I take heart in that.
But Haynes’ film does get to exactly that heart. And it takes its sweet time to do so – focussing in on the making of the band-vibe as much as it ever does the making of individual records. It is a tone-poem in dedication to the band’s look and feel and flow. It is an art-film celebrating an era and ethos.
So in the last 20 minutes it flicks through the albums that followed and hints at the solo careers that continued – because we can get that information elsewhere if we don’t know it already. Haynes’ plan is to suspend us in a time and place. To celebrate the Velvet Underground for being and to capture it and hold it in that place.
He also shows us – without telling us – that the fire and fire battle of Reed and Cale was what truly drove the band. Haynes knows we probably know that going in.
So I sat watching this story of my “Weird Beatles” and was filled with so many sideline memories.
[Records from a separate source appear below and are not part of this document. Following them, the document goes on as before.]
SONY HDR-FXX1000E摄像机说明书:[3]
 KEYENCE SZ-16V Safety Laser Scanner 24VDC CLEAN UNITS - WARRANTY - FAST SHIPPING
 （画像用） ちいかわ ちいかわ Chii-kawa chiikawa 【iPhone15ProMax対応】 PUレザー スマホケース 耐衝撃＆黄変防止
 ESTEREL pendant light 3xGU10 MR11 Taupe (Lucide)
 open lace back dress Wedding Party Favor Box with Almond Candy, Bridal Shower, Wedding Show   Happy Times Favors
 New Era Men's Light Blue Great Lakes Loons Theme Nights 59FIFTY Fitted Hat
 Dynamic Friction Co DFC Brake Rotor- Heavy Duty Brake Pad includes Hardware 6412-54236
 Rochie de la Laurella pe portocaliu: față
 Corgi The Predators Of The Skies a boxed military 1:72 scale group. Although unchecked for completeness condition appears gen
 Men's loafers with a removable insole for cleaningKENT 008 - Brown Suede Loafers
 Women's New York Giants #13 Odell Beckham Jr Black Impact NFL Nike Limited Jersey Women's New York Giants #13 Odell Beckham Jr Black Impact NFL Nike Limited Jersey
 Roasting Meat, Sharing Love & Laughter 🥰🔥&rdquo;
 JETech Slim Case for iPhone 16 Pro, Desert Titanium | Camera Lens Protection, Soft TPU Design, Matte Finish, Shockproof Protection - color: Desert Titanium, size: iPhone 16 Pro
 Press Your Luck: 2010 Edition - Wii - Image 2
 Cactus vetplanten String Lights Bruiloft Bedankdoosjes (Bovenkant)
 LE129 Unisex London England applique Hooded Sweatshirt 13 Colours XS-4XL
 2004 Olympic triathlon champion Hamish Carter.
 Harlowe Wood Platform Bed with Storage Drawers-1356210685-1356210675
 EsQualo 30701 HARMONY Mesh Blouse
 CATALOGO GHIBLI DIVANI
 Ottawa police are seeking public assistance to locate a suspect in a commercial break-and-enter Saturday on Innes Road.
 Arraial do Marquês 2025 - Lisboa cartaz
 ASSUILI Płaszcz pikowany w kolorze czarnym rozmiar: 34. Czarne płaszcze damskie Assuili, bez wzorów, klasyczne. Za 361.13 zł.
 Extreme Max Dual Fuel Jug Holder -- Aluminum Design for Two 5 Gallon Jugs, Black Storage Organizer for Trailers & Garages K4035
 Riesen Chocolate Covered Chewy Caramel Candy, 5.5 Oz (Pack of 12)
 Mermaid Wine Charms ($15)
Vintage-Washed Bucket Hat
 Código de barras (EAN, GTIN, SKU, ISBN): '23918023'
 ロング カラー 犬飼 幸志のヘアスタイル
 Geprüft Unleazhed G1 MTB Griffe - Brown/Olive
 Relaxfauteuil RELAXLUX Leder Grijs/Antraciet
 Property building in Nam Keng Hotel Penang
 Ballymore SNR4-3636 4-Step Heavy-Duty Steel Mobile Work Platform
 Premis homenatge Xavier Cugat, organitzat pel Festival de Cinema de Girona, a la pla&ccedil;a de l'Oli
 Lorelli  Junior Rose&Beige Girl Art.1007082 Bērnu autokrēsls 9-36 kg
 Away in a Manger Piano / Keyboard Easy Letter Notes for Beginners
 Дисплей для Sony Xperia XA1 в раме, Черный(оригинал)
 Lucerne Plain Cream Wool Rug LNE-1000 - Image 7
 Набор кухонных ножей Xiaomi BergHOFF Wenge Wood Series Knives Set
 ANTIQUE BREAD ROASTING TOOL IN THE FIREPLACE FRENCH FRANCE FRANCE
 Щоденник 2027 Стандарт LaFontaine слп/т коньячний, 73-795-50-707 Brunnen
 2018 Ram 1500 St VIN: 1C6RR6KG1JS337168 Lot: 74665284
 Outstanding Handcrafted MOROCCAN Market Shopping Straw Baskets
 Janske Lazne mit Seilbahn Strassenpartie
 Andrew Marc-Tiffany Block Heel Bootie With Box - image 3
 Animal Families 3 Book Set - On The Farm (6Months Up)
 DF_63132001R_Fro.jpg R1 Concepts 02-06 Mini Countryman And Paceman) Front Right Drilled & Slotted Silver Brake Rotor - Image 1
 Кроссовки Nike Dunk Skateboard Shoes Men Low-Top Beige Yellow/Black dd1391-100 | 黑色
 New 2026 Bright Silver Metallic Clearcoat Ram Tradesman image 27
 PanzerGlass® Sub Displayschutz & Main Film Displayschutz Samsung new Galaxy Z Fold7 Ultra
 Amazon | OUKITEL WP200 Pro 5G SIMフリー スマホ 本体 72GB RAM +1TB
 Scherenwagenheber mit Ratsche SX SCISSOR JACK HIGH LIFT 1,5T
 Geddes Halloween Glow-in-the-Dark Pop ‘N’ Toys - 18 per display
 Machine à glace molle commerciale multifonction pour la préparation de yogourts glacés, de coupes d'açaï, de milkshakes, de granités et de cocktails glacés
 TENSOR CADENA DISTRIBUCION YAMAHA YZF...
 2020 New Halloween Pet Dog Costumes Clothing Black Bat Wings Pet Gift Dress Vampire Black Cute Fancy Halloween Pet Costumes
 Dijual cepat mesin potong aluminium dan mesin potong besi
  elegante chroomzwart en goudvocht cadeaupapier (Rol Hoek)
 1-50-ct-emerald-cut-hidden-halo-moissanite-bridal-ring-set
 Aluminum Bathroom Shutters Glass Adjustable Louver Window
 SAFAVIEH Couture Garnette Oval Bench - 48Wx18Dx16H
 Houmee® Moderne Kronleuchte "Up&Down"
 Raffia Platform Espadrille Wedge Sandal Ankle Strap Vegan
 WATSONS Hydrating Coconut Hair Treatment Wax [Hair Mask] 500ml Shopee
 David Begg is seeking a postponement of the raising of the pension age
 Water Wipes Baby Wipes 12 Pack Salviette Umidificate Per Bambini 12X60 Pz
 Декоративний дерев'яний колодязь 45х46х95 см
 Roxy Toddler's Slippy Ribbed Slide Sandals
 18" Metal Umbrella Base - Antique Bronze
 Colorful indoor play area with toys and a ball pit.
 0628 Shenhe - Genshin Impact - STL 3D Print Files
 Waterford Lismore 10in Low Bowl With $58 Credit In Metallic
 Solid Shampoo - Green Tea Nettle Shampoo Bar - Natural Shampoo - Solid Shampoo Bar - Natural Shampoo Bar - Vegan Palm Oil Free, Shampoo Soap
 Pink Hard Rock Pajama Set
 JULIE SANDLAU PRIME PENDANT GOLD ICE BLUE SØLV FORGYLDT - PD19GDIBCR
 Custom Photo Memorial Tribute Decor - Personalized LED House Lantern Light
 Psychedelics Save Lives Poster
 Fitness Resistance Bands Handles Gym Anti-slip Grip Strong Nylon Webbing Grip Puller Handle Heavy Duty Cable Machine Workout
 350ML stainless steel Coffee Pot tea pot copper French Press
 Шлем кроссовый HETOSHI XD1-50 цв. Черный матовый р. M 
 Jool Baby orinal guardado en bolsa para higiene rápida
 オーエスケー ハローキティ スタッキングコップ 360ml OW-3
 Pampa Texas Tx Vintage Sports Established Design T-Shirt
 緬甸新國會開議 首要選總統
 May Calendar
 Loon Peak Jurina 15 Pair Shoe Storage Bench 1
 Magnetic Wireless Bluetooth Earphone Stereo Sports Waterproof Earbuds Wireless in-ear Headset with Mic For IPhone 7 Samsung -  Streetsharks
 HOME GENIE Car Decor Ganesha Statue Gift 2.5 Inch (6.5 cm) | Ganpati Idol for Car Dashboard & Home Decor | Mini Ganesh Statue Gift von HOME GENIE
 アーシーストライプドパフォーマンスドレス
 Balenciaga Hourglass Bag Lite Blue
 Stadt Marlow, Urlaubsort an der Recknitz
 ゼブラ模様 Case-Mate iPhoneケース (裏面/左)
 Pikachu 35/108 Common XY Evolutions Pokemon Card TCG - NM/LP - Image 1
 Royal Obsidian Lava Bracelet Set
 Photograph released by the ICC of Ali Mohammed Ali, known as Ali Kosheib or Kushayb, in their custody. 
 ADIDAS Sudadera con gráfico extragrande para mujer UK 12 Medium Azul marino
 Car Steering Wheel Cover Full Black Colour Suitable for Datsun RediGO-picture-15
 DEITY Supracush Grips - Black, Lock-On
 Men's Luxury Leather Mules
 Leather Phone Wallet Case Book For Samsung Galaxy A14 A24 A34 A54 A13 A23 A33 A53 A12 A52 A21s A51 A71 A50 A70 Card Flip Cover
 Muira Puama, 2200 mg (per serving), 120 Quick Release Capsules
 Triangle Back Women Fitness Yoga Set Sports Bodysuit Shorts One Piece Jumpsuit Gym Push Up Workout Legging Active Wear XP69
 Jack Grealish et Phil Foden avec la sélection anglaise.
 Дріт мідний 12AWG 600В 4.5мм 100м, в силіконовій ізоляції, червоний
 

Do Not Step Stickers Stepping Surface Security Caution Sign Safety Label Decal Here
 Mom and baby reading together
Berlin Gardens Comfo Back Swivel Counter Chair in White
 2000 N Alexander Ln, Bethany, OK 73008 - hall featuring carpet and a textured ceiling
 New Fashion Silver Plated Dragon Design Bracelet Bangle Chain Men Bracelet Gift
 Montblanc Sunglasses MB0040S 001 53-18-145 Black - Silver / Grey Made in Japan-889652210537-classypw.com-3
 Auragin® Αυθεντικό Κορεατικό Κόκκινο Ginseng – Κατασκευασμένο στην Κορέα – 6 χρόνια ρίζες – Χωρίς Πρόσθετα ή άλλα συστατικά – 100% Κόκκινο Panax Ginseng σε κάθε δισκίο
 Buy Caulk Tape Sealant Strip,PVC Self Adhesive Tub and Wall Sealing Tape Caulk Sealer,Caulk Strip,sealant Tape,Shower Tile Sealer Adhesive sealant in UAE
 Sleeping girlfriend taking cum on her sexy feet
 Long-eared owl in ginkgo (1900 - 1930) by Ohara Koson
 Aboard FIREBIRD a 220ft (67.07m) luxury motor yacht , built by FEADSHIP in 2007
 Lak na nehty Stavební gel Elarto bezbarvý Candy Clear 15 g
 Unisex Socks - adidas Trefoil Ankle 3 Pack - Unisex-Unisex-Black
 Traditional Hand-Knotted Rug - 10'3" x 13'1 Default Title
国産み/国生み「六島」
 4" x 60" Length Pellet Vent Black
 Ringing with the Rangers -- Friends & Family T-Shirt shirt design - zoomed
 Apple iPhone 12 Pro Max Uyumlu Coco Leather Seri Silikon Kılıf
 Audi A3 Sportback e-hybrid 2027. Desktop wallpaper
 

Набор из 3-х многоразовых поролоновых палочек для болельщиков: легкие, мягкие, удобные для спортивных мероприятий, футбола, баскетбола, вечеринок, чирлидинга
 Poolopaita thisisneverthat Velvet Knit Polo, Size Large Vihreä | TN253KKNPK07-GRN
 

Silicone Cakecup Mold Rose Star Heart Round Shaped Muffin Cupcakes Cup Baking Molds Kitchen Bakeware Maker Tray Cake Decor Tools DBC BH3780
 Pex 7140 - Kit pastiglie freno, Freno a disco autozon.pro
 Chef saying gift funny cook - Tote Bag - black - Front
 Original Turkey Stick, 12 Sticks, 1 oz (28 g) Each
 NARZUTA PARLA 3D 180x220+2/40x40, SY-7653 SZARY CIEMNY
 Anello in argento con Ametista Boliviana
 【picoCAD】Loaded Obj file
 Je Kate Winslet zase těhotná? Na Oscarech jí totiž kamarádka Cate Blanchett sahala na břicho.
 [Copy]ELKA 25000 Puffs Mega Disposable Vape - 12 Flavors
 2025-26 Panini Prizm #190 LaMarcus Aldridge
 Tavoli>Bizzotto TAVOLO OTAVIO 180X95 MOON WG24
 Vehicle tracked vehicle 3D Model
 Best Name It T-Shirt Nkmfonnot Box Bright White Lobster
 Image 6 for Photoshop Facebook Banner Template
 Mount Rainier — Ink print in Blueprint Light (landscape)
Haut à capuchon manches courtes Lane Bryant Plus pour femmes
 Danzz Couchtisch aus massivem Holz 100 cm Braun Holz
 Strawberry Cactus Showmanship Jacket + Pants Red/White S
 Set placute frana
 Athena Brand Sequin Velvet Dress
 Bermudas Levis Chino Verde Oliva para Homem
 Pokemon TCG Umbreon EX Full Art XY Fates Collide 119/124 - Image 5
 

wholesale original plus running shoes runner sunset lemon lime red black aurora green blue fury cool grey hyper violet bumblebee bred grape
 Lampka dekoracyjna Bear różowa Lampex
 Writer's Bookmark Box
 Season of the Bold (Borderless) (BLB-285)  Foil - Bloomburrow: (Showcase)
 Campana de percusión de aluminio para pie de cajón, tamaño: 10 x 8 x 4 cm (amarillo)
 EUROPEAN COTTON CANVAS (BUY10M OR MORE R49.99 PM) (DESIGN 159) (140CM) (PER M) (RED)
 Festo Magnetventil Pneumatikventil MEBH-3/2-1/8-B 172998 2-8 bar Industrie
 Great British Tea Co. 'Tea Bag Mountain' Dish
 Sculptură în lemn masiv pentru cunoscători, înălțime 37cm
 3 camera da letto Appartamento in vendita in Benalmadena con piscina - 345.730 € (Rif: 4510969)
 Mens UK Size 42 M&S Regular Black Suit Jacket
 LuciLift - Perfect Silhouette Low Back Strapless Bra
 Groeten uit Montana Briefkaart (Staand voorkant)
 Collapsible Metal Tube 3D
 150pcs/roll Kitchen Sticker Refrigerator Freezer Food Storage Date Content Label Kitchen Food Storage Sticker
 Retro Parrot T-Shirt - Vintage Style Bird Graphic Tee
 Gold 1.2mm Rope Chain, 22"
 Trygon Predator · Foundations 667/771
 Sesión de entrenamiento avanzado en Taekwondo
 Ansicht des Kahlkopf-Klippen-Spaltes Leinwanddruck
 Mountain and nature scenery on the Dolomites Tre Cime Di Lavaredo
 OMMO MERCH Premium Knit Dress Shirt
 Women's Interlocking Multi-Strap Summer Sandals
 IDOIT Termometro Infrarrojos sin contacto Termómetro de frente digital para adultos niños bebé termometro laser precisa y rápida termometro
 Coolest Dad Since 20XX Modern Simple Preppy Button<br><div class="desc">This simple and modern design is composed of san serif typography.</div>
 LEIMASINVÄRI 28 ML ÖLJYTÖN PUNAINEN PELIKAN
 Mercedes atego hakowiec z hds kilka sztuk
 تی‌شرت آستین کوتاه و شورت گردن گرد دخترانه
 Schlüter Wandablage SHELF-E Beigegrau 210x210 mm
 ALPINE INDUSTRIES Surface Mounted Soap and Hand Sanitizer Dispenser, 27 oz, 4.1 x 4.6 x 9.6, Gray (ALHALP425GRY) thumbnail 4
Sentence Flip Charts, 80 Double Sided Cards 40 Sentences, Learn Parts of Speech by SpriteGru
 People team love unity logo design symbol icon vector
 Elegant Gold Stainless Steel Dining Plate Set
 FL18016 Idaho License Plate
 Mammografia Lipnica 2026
And ready again to approach the music.
That’s what I want from a music documentary. I don’t just want every album or tour ticked off and footage of all of the stories I already know. I want to feel the music come alive and be taken to the place – the heart – the soul – of where and when and how it was formed.
In that sense The Velvet Underground is a triumph. One of the best movies about music you could ever hope to see. And it d happens to be about one of the most important bands I’ll ever hear. And always love.
Speaking of music documentaries, I wanted Echo In The Canyon in the weekend. Worth a watch. Jakob Dylan has some strange facials, but he has a decent voice and people seem comfortable talking to him as they go about cementing their place in music history.